Koebi ohne Geheimrezept

Rhetorik.ch Artikel zum Thema:
SF vom 16. April, 2008
Köbi Kuhn unterschreibt Bälle. Auf die Frage: gibt es Geheimrezepte meint Kuhn:

Ich arbeite nie nach Rezepten. Diese Kochbücher gibt es nicht. Ich schreibe sie immer wieder neu.
10 vor 10 vom 16. April, 2008
Weniger gut gelaunt antwortete Kuhn auf die Frage, ob die Bälle per Kinderarbeit produziert worden sei. Er schob das Mikrophon weg und meinte, er sei am Unterschreiben:


Schauen Sie die Reaktion des Nationaltrainers an, nachdem er mit der Tatsache konfrontiert wird, dass die CS Bälle mit billiger Kinderarbeit hergestellt wurde. Köbi Kuhn sagte wortwörtllich:

"Das ist mir überhaupt nicht bewusst. Ich-äh- habe keine Ahnung. Ich glaube ich bin nicht verantwortlich für das."


Auf die Nachfrage meint er

"Wollen Sie nun bitte das Mikophon wegnehmen. Ich bin am unterschreiben."


Wir haben dies Sequenz verschiedenen Sportlern und Nichtsportlern gezeigt. Das Urteil: Köbi Kuhn will sich nicht festlegen. Er bleibt bewusst ruhig, obschon ihn die Frage zu nerven scheint. Der Ton ist bewusst freundlich, die Stimme klingt aber ungehalten. Es entsteht der Eindruck, dass er sich die Medien - so rasch als möglich- vom Hals halten will.

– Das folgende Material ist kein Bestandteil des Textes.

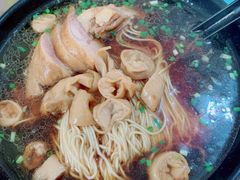 奥鸭面-古镇老面馆(千灯店)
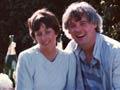 Winemakers: Jane and Ernie Hunter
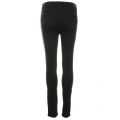 Womens Black Shadow Hoxton Ultra Skinny Fit Jeans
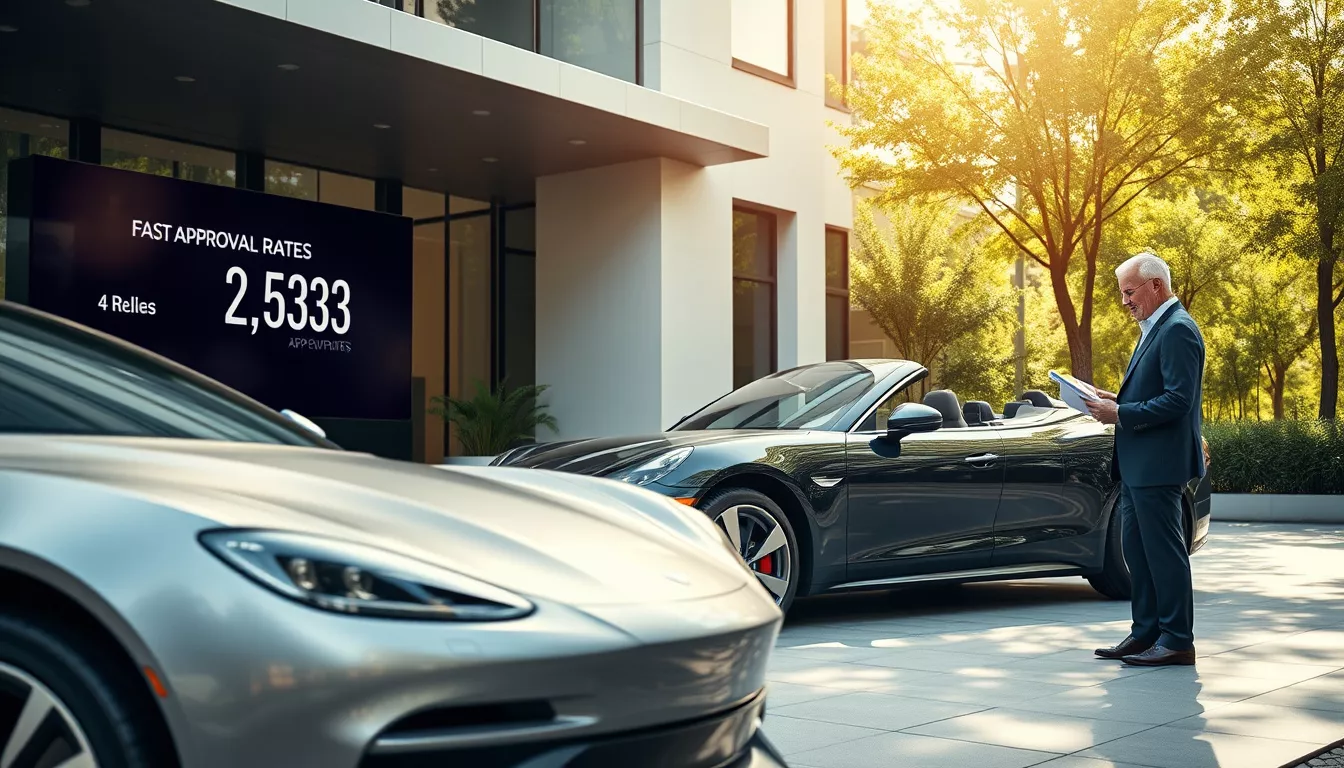 Qual o consórcio de carro que contempla mais rápido?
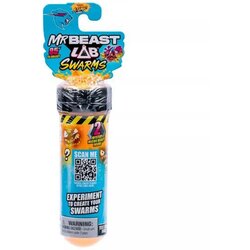Flair Toys Igračka MrBeast laboratorijske biološke epruvete, 2 kom., 12 kom., kompletne Cene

Für die meisten Zuschauer überzeugt der Nati Trainer bei dieser Sequenz nicht, obschon er keine Aussage macht, die ihm zum Verhängnis werden konnte. Es wurde von einigen Beobachtern vermutete, dass er doch mehr weiss, aber es nicht sagen will. Aus der Sicht der Medienrhetorik in Krisenkommunikationssituationen gilt:

Man darf nicht zwei Dinge gleichzeitig tun. In diesem Fall nicht gleichzeitig "Reden und Unterschreiben".

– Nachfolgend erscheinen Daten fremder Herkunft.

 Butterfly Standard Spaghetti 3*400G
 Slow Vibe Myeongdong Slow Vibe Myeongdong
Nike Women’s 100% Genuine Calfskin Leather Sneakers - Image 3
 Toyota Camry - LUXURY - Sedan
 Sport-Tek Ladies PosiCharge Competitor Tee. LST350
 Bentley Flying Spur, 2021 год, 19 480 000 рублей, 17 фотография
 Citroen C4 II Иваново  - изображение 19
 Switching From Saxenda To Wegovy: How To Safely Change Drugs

Bundesrätin Calmy Ray machte auch einmal den gleichen Fehler, als sie auf dem Weg zu ihrer Pressekonferenz von einem Rundschau- Team "überfallen" wurde. Sie marschierte und sprach gleichzeitig, anstatt stehen zu bleiben und nach einer bewussten Denkpause zu sagen: "Sie verstehen, dass der Bundesrat nicht sagen kann über allfällige Zahlungen." Köbi Kuhn hätte ebenfalls eine Pause machen müssen. Wer überrascht wird, muss verlangsamen oder stoppen. Es lohnt sich, sich bewusst "antizyklisch" zu verhalten - nach dem Motto "Taxifahrer fahre langsam - es eilt!". Der Natitrainer hätte somit auf die erste Frage ruhig sagen können:

"Das höre ich zum ersten Mal. Ich bin sicher, dass man den Vorwurf von kompetenter Stelle überprüft. Erkundigen Sie sich bei den zuständigen Stelle, ob der Sachverhalt so zutrifft, wie sie es schildern."


Auf ein Nachhaken:

"Nochmals - ich bin derzeit nicht der richtige Adressat. Ich kann Ihnen leider dazu vorläufig nicht mehr sagen. Gerne nehme ich Stellung, wenn der Sachverhalt von der CS geklärt ist. Darf ich jetzt weiter unterschreiben?"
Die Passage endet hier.